So can this problem be avoided, or is inequality and arbitrariness just a permanent part of the marketplace for content and ideas? You could create an artificial world that would sort user-submitted content according to some other algorithm -- and even if it didn't give good writers the fame that they theoretically deserved in the larger world, it might still provide them with enough of an audience within the artificial universe, to make it worth their time to keep writing. One option would be to use Salganik's "independence" world model, where users would read content without being able to see the ratings that other people had given to it, or without even seeing recommendations from similarly-minded friends within the system. The trouble is that without any information about what other readers liked, without any starting point to sort good content from bad content, it may not be worth the reader's time to read through all the dreck to find the occasional buried treasure. I believe about as strongly as a person can believe, that the existing marketplace for content is far from meritocratic, for example that there are probably thousands of songs on iTunes that I've never heard of but would nonetheless love -- but even I don't spend time listening to the 30-second clips of random songs on iTunes, because it takes too long to find the stuff I would like.
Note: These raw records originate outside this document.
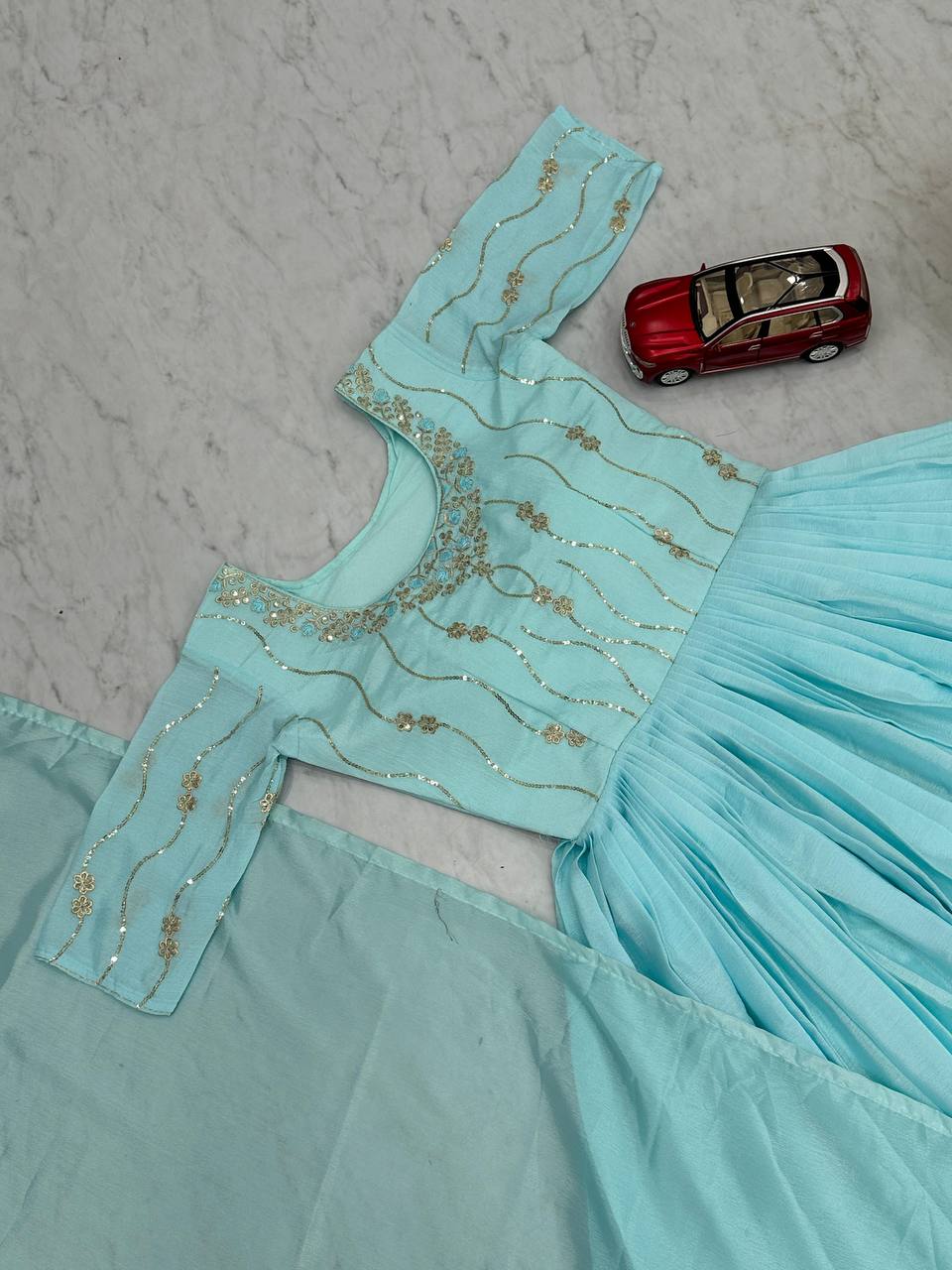 Sky Blue Latest Designer Gown Collection.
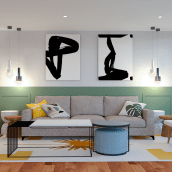  LIVING ROOM. Design de interiores projeto de Karla Méndez Vásquez - 01.02.2020
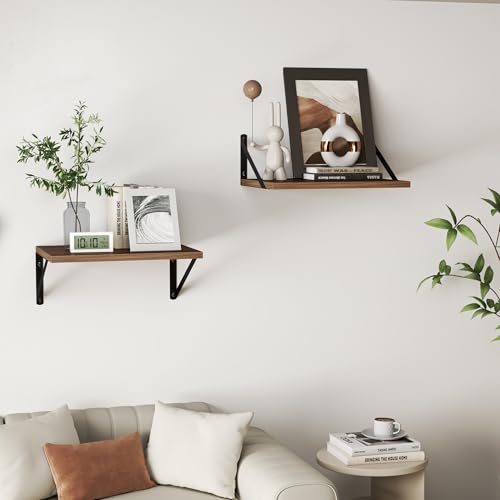 Heimlove 40W x 12D Deep Floating Shelves Set of 2 Walnut - color: Walnut With Black Metal Bracket, size: 40Wx12Dx5.8H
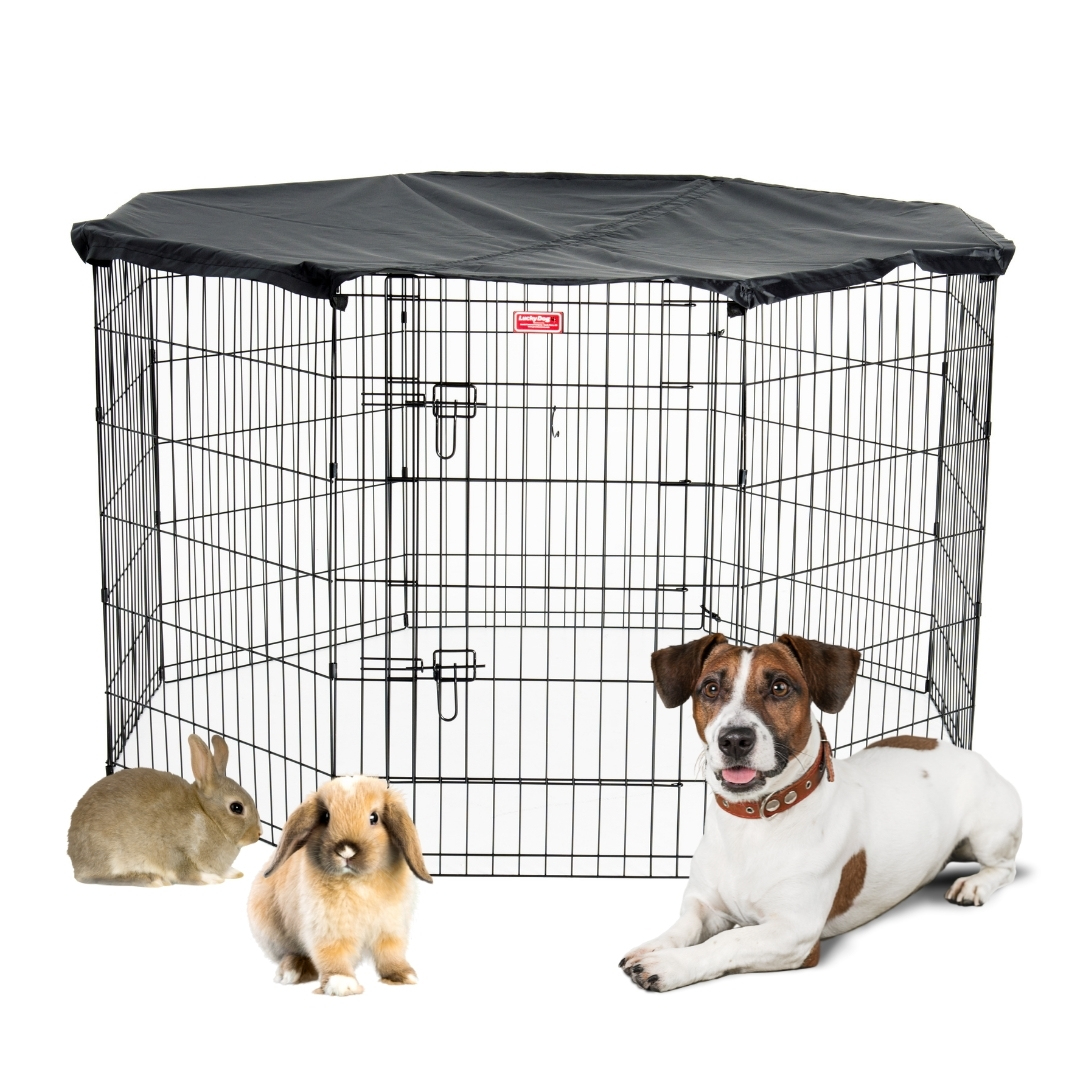 Enclos pliable pour animaux parc chien et chat, SDLOGAL, 2 Compartiments,  165 x111x47cm, Facile à assembler 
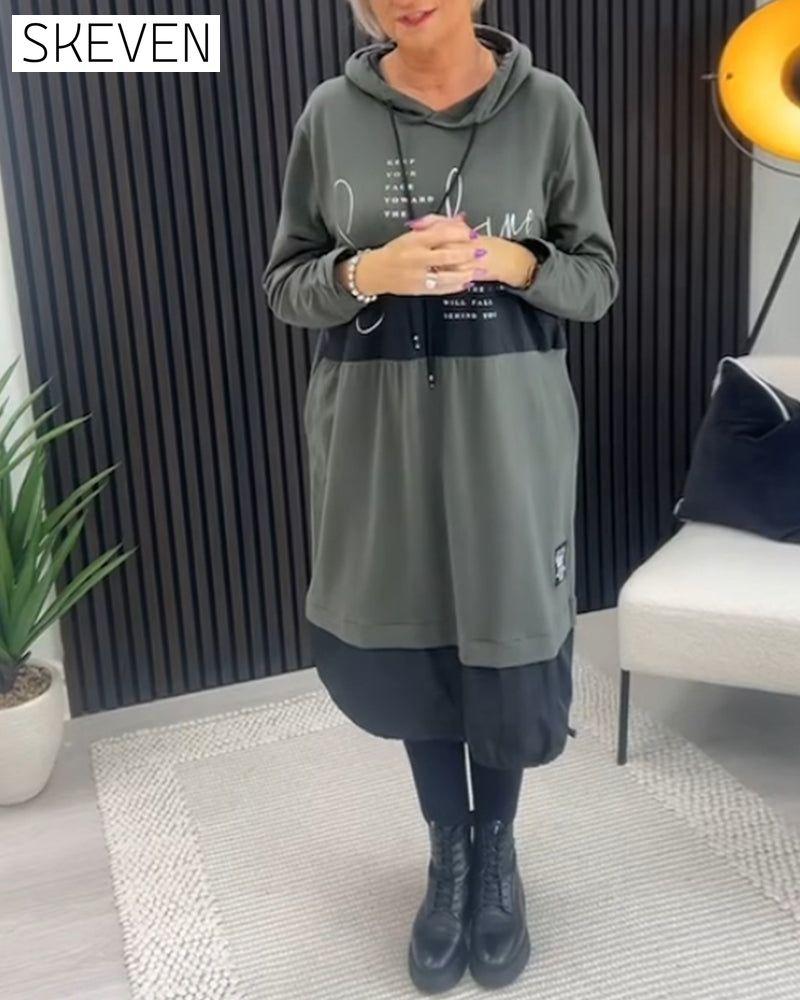 Casual color block letter print pocket hooded dress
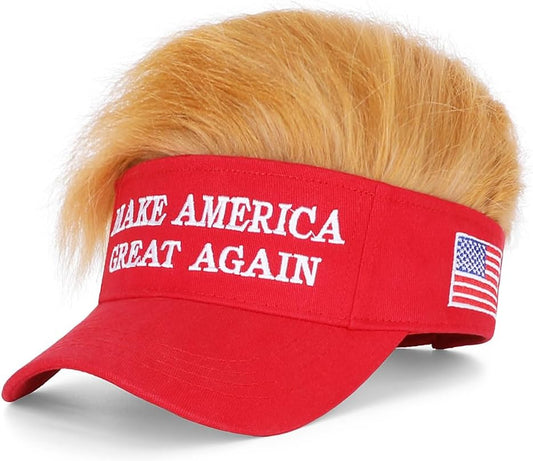 Trump 2024 Make America Great Again Hat with Hair Funny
But I submit there is a solution -- a variant of an argument that I've suggested for stopping cheating on Digg, or building Wikia search into a meritocratic search engine, or helping the best writers rise to the top on Google Knol. The solution is sorting based on ratings from a random sample of users. The remainder of this speculation will be very theoretical, and will at times seem like a Rube-Goldberg approach to what should be a simple problem. But at each juncture, the complications to the algorithm are motivated by an argument that anything simpler would not work. At many points along the way, it will be tempting to throw up one's hands and say, "Why go to all this trouble, the existing system works well enough." But this statement is hard to quantify with any actual evidence -- unless you're just using the circular definition above, that whatever rises to the top is automatically the "best".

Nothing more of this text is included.